PI measurements were done on all women attending the unit for an IVF/embryo transfer treatment between November 1992 and February 1993. Of these, all infertile but otherwise healthy women, with a mean PI ≥3.0 in the uterine arteries both before and after down-regulation, were invited to be included in the study.

In all, 10 women accepted after informed consent and they had a mean age of 32.3 years (range 25-40 years). The infertility diagnoses were unexplained infertility (n = 6), tubal factor (n = 3) and polycystic ovarian syndrome (n = 1).

From their inclusion and onwards, the women were kept on the GnRHa and were given no other pharmacological treatment. Consequently, their gonadotrophins and ovarian steroids were kept at a constantly low concentration, both at their inclusion in the study and throughout the whole study period. Thus, PI changes due to hormonal fluctuations were avoided.

EA was then given eight times, twice a week for 4 weeks. The mean PI of the uterine arteries was measured (mean of three PI on each side) directly after the eighth EA treatment and again 10-14 days after the EA period.

Of the 10 women included, two were later excluded. One of them, with tubal factor infertility, was excluded because she started taking medications for her migraine, which could have affected her PI. The other excluded woman, with unexplained infertility, stopped her GnRHa treatment because she preferred IVF/embryo transfer in a natural cycle.

Acupuncture Treatment
The sympathetic outflow may be inhibited at the segmental level and, for this reason, acupuncture points were selected in somatic segments according to the innervation of the uterus (Thl2-L2, S2-S3) (Bonica, 1990).

The needles were inserted i.m. to a depth of 10-20 mm. The aim of the stimulation was to activate group III muscle-nerve afferents. The needles were twirled to evoke `needle sensation,' often described as tension, numbness, tingling and soreness, sometimes radiating from the point of insertion. The needles were then attached to an electrical stimulator (WQ-6F: Wilkris & Co. AB, Stockholm, Sweden) for 30 min. The location of the needles was the same in all women (Table I).

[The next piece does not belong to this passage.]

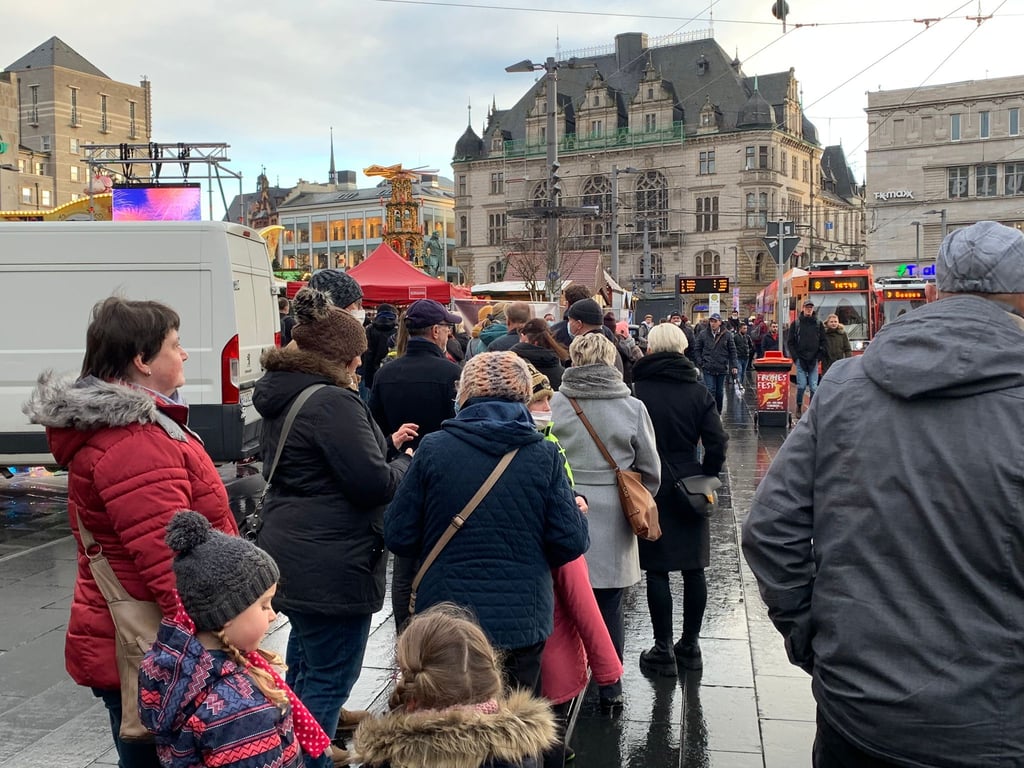 Am Nachmittag ist bereits großer Andrang an den Einlässen des Wintermarkts.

Table 1. Acupuncture points, their anatomical position and their innervation

Points*

Segmental innervation
(afferent muscle)

Muscle localization

BL 23

L1, 2, 3

Erector spinae thoracolumbale

BL 28

L4, 5, S1, 2, 3

Erector spinae lumbosacrale

SP 6

L4, 5, S2, 3

Tibialis posterior at the medial side

BL 57

S1, 2

Gastrocnemius and m. soleus at the dorsal side

*All were placed bilaterally.
BL - bladder channel.
SP - spleen channel.

Four needles were located bilaterally at the thoracolumbar and lumbosacral levels of the erector spinae, and were stimulated with high frequency (100 Hz) pulses of 0.5 ms duration. The intensity was low, giving non-painful paraesthesia.

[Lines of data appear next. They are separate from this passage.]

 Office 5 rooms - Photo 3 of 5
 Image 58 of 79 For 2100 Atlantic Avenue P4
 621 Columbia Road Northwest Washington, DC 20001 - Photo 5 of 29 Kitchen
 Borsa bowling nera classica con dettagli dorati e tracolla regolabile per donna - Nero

Four needles were located bilaterally in the calf muscles, and were stimulated with low frequency (2 Hz) pulses of 0.5 ms duration. The intensity was sufficient to cause local muscle contractions.

Skin temperature
The skin temperature was measured with a digital infrared thermometer (Microscanner D-series: Exergen, Watertown, MA, USA) between the applied acupuncture needles in the lumbosacral region (25 mm from each needle), skin temperature lumbosacral (STLS), and on the forehead, skin temperature forehead (STFH). The measurements were made during the first, fifth and eighth EA treatments. The first measurements were made after 10 min rest, and just before the EA, these being considered as `baseline.' Thereafter, further measurements of STLS and STFH were done every seventh minute during the EA and immediately after the EA. The room temperature was constant during the three EA treatments.

Statistics
Analysis of variance (ANOVA: Newman-Keul's range test) was used to analyze the data.

Results

Blood flow impedance
Compared to the mean baseline PI, the mean PI was significantly reduced both soon after the eighth EA treatment (P < 0.0001) and 10-14 days after the EA period (P < 0.0001) (Figure 1), at which time six women had a mean PI <2.6 (Table II and Figure 2).


Figure 1. The mean pulsatility index (PI) (n = 8) for all women before the first electro-acupuncture (EA) treatment, immediately after the eighth EA treatment and 10-14 days after the EA period.
*** = significant changes (P < 0.0001) compared to the mean PI before the first EA treatment.




Figure 2. The individual mean pulsatility index (PI) before down-regulation, before the first electro-acupuncture (EA) treatment, immediately after the eighth EA treatment and 10-14 days after the EA period.


Table II. The individual mean pulsalility index (PI) before down-regulation, before the first electro-acupunclure (EA) treatment, immedialely after the eighth EA trealment, 10-11 days after the EA period, and average mean values

 

lndividual patients

 

 

 

Pl value

A

B

C

D

E

F

G

H

Mean Value

Before down-regulation

3.00

3.00

3.30

3.75

3.90

3.25

3.14

3.33

3.34

Before EA

3.38

3.15

3.27

3.04

3.30

3.50

3.10

3.34

3.26

After eight EA

3.24

2.07

2.37

2.57

2.59

2.80

2.54

3.34

2.68

10-14 days after eight EA

2.25

2.01

2.40

2.60

2.40

3.84

2.54

3.20

2.65


The right and left uterine arteries responded similarly to EA. The diffcrence in mean PI between the two arteries was ≤0.3 (not significant), both before down-regulation, during down-regulation and throughout the whole study period. There was no significant difference in the mean PI for patients with different causes of infertility.

Skin temperature
The pooled results from all skin temperature measurements are presented in Figure 3. Compared with the starting point, mean STFH increased significantly after 21 min of EA (P = 0.02), and directly after the EA treatments (P = 0.002). STLS did not change significantly.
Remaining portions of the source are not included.